Bison Rewilding Plan
Rewilding Europe supports the efforts to bring back the European bison to its ancestral lands. Establishing new wild bison populations in several of our Rewilding areas, and assisting the return of bison also to other places in Europe.
The European bison is one of the most endangered large mammals in the world. With less then 3,000 animals remaining in the wild, it is even more threatened than the black rhino. Furthermore, there is still not even one single long-term viable bison population in the wild.
The bison, or Wisent, is a very impressive animal, weighing up to over 1,000 kg, which once used to live all across Europe, except some parts of Spain, Italy and northern Scandinavia. Contrary to popular belief, it is really an animal of the open and semi-open lands, but it also likes forests or woods nearby, for shelter and food during parts of the year.
Even though the bison primarily is a grass eater, an important part of their diet also comes from browsing of bushes, bramble and trees. Bison eat up to 60 kg per day and have real impact on the vegetation, keeping open lands open and creating a mosaic savannah landscape. Besides grazing in the front end, it tramples in the middle, wallows in mud holes, rolls in sand pits that it has kicked up, and then fertilizes from its rear end. All of which has great importance to the variety of Europe’s ecosystems.
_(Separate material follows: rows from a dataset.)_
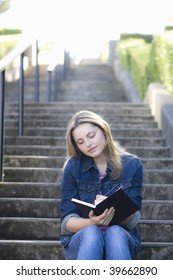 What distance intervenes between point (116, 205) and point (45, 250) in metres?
0.97

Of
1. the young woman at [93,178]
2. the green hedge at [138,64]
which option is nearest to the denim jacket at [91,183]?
the young woman at [93,178]

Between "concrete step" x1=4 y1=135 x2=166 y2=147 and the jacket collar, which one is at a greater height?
the jacket collar

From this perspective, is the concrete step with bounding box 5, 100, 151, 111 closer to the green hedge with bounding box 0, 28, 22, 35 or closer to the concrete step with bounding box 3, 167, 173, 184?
the concrete step with bounding box 3, 167, 173, 184

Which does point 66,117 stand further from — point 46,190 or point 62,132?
point 46,190

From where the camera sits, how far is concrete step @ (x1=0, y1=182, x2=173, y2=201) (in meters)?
5.82

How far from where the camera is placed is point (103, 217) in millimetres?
4043

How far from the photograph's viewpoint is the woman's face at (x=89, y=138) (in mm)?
4242

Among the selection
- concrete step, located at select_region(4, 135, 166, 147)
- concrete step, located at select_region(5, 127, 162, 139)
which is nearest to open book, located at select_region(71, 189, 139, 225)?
concrete step, located at select_region(4, 135, 166, 147)

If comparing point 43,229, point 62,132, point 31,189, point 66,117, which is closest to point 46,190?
point 31,189

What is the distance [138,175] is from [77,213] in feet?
1.40

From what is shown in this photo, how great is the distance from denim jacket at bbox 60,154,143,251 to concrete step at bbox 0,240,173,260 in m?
0.52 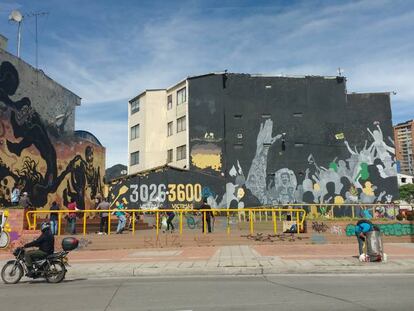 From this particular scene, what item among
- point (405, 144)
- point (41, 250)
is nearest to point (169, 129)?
point (41, 250)

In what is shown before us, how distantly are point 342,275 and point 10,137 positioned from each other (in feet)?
55.5

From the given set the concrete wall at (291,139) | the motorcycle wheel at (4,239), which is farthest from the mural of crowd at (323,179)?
the motorcycle wheel at (4,239)

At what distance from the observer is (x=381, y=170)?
151ft

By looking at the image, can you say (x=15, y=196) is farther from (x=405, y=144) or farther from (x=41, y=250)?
(x=405, y=144)

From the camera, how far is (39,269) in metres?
11.0

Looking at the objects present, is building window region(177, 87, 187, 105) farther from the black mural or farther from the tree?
the tree

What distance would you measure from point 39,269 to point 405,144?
108304 mm

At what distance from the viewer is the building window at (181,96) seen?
4616 cm

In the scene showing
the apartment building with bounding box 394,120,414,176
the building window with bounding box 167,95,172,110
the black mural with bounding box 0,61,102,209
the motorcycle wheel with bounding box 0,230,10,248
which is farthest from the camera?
the apartment building with bounding box 394,120,414,176

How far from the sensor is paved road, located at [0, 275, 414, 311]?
7516 millimetres

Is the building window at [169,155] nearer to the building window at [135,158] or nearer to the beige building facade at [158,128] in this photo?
the beige building facade at [158,128]

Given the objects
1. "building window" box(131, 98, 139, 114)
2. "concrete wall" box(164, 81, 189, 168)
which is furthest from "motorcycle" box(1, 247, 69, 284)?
"building window" box(131, 98, 139, 114)

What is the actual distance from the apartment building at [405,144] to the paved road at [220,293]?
10030 centimetres

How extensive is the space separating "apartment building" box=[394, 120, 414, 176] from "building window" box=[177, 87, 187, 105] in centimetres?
7121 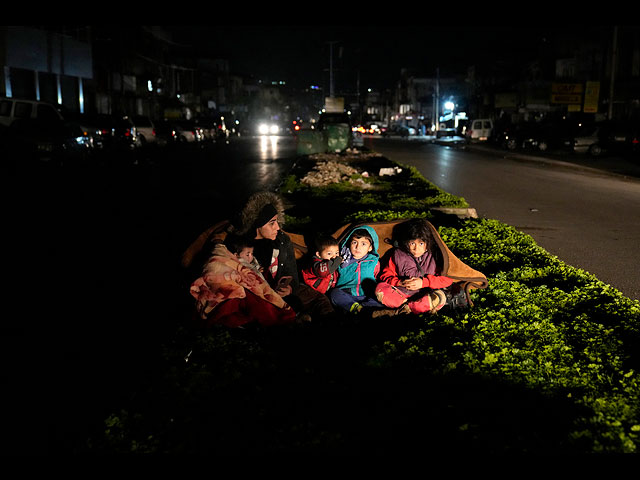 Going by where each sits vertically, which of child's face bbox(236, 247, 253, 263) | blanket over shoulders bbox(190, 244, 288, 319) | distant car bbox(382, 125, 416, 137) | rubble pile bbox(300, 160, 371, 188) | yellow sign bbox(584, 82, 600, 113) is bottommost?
distant car bbox(382, 125, 416, 137)

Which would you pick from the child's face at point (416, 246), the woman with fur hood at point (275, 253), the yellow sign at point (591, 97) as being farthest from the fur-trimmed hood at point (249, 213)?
the yellow sign at point (591, 97)

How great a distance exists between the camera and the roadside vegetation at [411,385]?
334 centimetres

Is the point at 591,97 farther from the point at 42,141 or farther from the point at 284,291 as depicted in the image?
the point at 284,291

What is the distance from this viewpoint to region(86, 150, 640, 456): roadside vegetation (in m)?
3.34

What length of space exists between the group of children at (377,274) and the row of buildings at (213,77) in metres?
30.0

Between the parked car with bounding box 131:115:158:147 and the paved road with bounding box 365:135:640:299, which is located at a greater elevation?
the parked car with bounding box 131:115:158:147

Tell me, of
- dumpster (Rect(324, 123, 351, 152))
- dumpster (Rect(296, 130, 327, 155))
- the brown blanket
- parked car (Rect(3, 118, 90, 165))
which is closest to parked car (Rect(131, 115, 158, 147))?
dumpster (Rect(296, 130, 327, 155))

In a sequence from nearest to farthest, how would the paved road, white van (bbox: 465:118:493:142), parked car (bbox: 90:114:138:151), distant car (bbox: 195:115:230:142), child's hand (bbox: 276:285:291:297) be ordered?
child's hand (bbox: 276:285:291:297) → the paved road → parked car (bbox: 90:114:138:151) → distant car (bbox: 195:115:230:142) → white van (bbox: 465:118:493:142)

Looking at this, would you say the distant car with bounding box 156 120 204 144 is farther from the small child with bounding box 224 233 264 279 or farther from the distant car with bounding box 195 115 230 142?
the small child with bounding box 224 233 264 279

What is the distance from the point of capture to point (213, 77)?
104250 millimetres

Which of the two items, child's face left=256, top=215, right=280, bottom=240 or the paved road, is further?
the paved road

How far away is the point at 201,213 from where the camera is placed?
1234 cm

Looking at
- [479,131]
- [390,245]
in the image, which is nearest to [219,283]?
[390,245]

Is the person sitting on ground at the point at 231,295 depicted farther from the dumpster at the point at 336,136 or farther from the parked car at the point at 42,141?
the dumpster at the point at 336,136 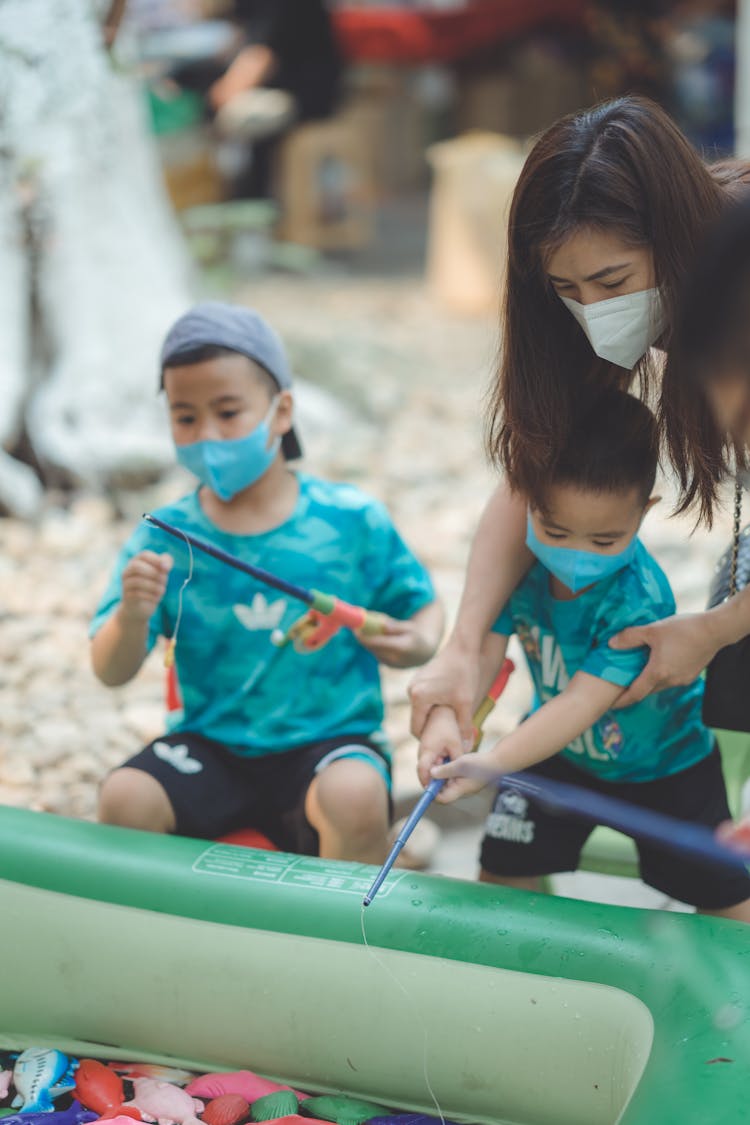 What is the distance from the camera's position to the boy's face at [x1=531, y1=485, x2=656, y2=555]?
152 cm

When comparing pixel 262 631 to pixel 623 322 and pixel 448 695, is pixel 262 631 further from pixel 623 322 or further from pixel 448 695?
pixel 623 322

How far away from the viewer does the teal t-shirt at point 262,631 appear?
1860 millimetres

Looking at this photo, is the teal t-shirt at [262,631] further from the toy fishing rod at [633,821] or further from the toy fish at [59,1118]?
the toy fish at [59,1118]

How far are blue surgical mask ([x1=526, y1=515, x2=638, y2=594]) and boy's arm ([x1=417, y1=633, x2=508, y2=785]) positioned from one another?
0.51ft

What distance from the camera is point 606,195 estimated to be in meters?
1.38

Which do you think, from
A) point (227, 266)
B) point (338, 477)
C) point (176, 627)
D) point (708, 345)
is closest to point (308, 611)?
point (176, 627)

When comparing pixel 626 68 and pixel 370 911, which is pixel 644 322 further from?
pixel 626 68

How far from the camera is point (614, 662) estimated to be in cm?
156

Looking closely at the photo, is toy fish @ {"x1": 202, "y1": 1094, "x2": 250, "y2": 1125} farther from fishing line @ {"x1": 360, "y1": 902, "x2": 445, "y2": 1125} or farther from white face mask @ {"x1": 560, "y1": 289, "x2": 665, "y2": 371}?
white face mask @ {"x1": 560, "y1": 289, "x2": 665, "y2": 371}

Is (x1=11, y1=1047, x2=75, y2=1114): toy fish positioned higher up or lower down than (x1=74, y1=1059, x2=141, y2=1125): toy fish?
higher up

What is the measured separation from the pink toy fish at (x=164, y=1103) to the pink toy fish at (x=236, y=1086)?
0.05ft

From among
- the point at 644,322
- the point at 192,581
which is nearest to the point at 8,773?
the point at 192,581

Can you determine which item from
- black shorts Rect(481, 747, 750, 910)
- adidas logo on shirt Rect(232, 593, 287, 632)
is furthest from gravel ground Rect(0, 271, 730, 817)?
adidas logo on shirt Rect(232, 593, 287, 632)

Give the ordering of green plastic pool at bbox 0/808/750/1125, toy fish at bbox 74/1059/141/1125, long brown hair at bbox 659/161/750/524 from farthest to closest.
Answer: toy fish at bbox 74/1059/141/1125 < green plastic pool at bbox 0/808/750/1125 < long brown hair at bbox 659/161/750/524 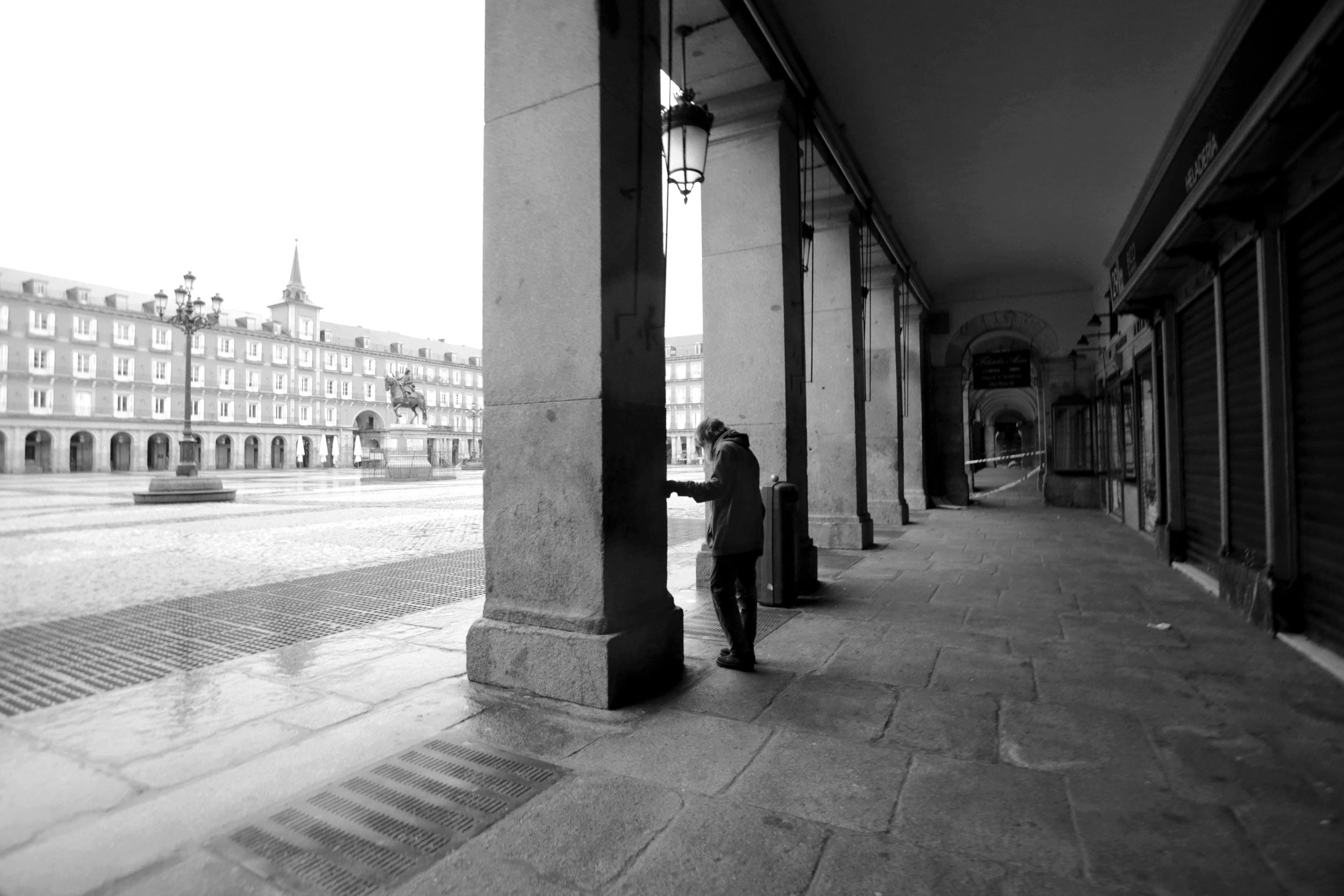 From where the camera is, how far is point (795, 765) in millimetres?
2744

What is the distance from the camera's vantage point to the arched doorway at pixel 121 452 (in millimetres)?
57438

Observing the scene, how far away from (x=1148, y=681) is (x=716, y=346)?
176 inches

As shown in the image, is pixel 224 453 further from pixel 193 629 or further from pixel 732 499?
pixel 732 499

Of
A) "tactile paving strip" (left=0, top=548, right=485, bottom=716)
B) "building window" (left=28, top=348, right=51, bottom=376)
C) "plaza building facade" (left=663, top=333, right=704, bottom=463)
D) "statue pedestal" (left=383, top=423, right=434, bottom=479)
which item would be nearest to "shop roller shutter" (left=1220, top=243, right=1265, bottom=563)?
"tactile paving strip" (left=0, top=548, right=485, bottom=716)

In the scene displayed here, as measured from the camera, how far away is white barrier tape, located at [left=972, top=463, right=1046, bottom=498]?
1903cm

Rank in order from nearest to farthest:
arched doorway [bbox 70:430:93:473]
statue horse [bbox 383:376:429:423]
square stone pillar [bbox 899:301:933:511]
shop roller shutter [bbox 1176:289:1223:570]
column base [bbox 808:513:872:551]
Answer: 1. shop roller shutter [bbox 1176:289:1223:570]
2. column base [bbox 808:513:872:551]
3. square stone pillar [bbox 899:301:933:511]
4. statue horse [bbox 383:376:429:423]
5. arched doorway [bbox 70:430:93:473]

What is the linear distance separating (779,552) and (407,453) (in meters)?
29.4

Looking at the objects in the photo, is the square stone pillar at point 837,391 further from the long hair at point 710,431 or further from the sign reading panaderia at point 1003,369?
the sign reading panaderia at point 1003,369

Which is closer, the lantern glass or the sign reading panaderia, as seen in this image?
the lantern glass

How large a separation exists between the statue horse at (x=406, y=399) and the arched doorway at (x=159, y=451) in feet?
130

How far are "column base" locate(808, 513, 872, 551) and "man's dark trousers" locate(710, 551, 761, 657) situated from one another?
4.86 meters

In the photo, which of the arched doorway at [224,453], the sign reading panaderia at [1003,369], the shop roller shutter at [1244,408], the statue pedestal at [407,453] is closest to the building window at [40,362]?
the arched doorway at [224,453]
After the Ice Age, man hunted the bison so intensively that the bison was forced into the most remote corners of Europe. The last remaining bison in the wild were killed by soldiers and poachers during World War I and the Russian revolution. The last wild bison in Europe died in Bialowieza in 1919, while the last wild bison in the Caucasus died in 1927.
The species only survived thanks to 54 animals that were kept in different zoos, originating from only 12 founder animals. In 1954 the first bison were released back into the wild in the Bialowieza forest in Poland, followed by reintroductions in several countries. But despite soon 100 years of conservation efforts for the bison, it is still a species in great danger.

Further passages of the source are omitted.